(WORK ITEM) Please repeat the lines below exactly. Begin with the line containing "2016 high quality" and go on through the line containing "Personalized Black And".

(SOURCE MATERIAL)
^^^^^^^^

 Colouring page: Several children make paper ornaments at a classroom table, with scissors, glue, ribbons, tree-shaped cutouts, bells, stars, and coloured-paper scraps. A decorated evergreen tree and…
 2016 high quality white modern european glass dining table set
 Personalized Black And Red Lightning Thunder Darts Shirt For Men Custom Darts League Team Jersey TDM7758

^^^^^^^^

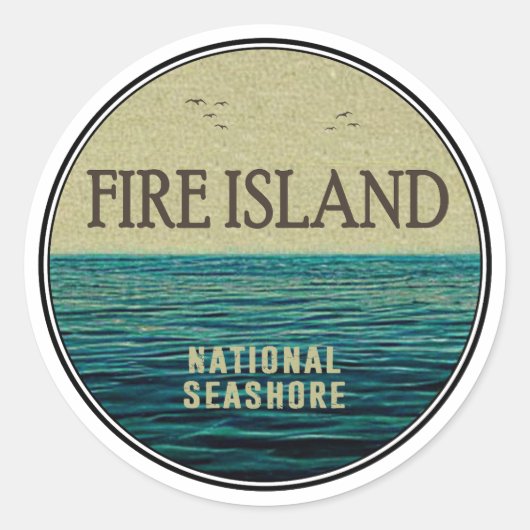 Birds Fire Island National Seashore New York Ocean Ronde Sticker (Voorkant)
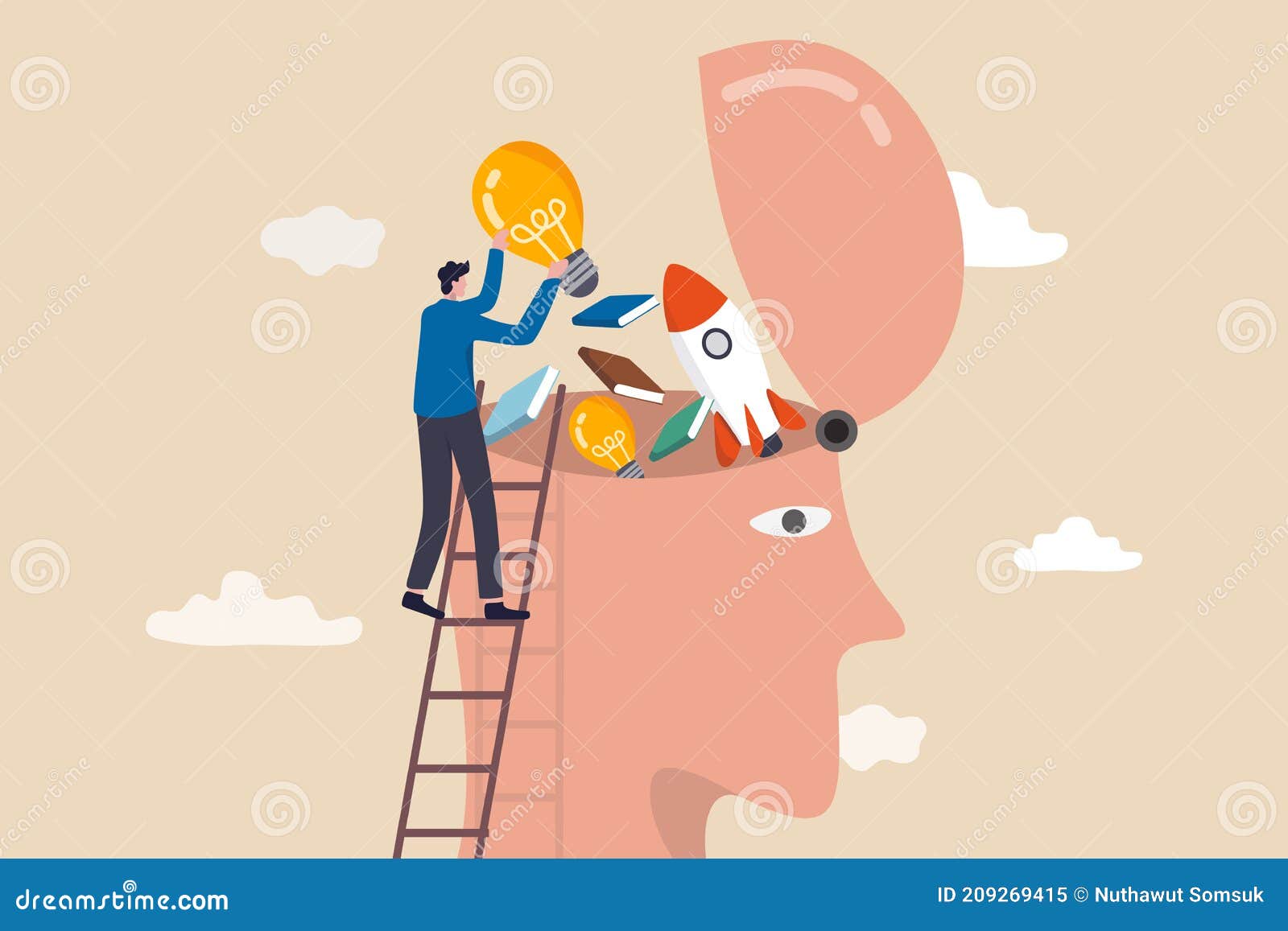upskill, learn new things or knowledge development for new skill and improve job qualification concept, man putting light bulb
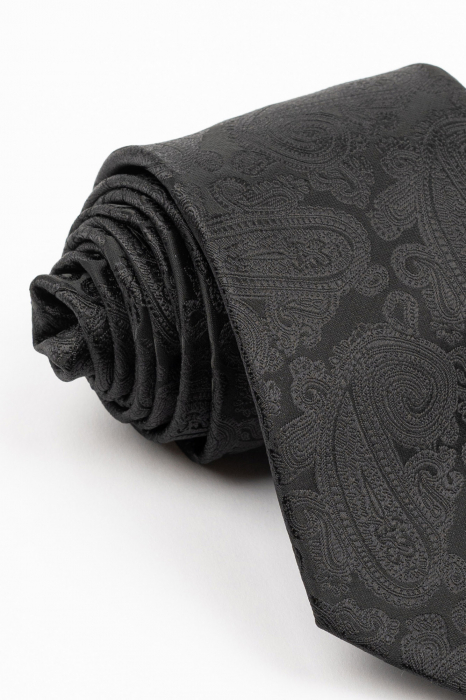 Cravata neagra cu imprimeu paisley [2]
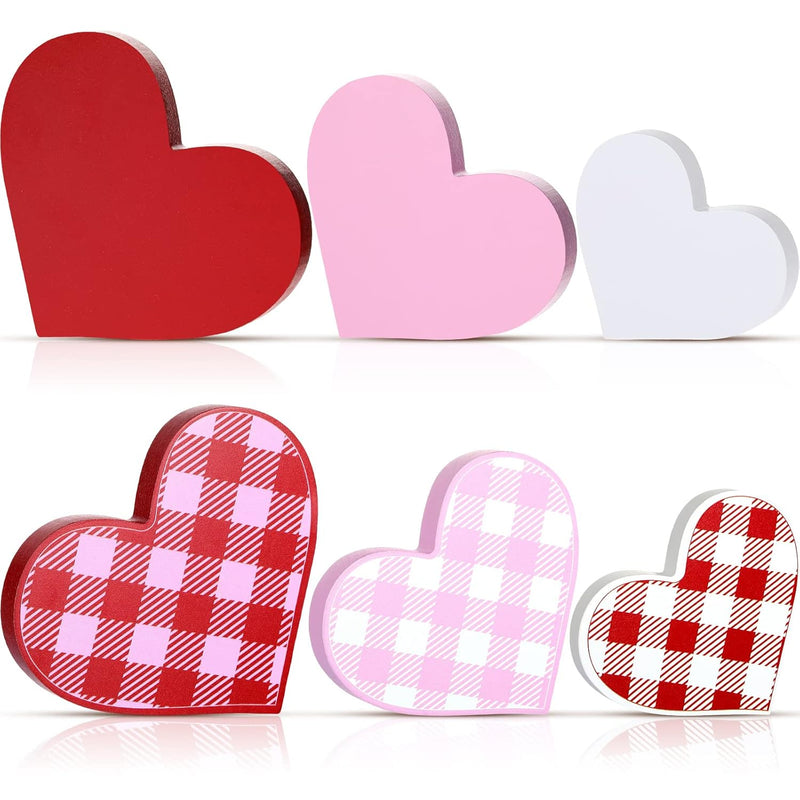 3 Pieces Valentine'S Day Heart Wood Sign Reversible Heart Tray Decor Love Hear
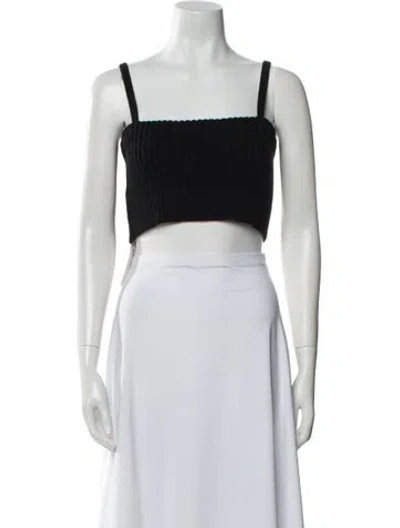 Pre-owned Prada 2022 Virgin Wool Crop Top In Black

^^^^^^^^

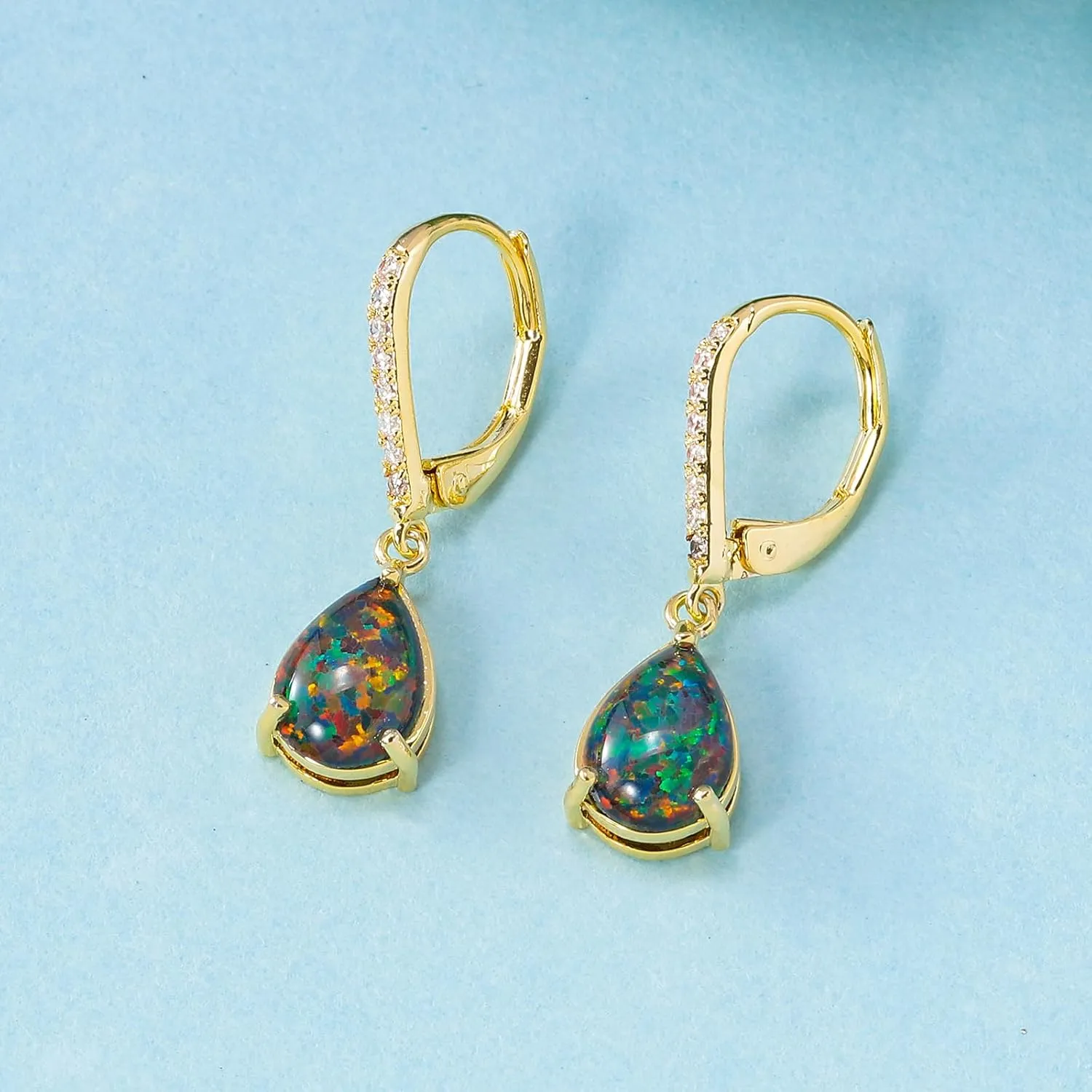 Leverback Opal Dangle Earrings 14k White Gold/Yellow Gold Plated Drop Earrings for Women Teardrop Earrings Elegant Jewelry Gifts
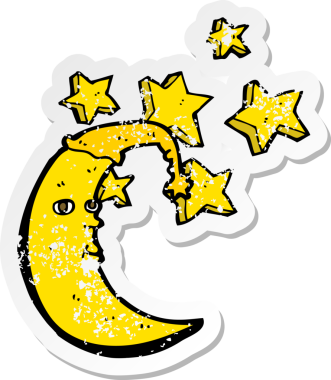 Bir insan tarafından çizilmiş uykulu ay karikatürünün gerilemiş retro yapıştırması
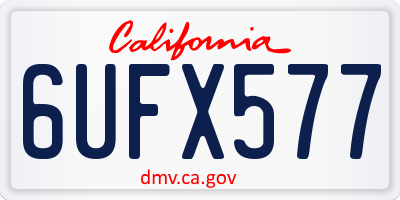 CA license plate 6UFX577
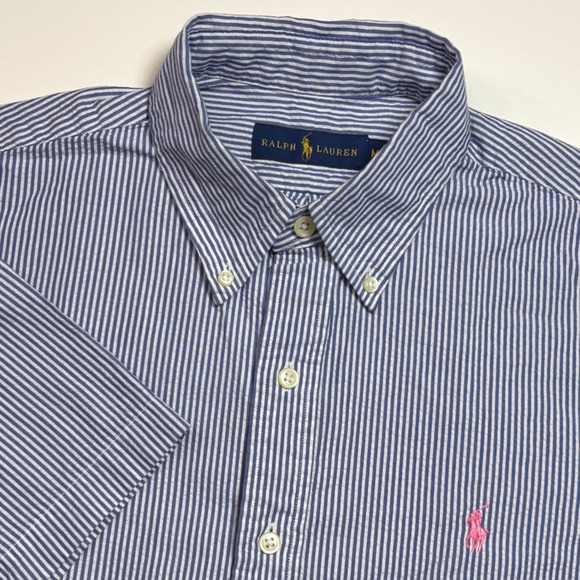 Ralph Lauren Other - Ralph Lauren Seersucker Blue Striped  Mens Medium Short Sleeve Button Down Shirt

^^^^^^^^

(SOLUTION TO THE EXERCISE)
 2016 high quality white modern european glass dining table set
 Personalized Black And Red Lightning Thunder Darts Shirt For Men Custom Darts League Team Jersey TDM7758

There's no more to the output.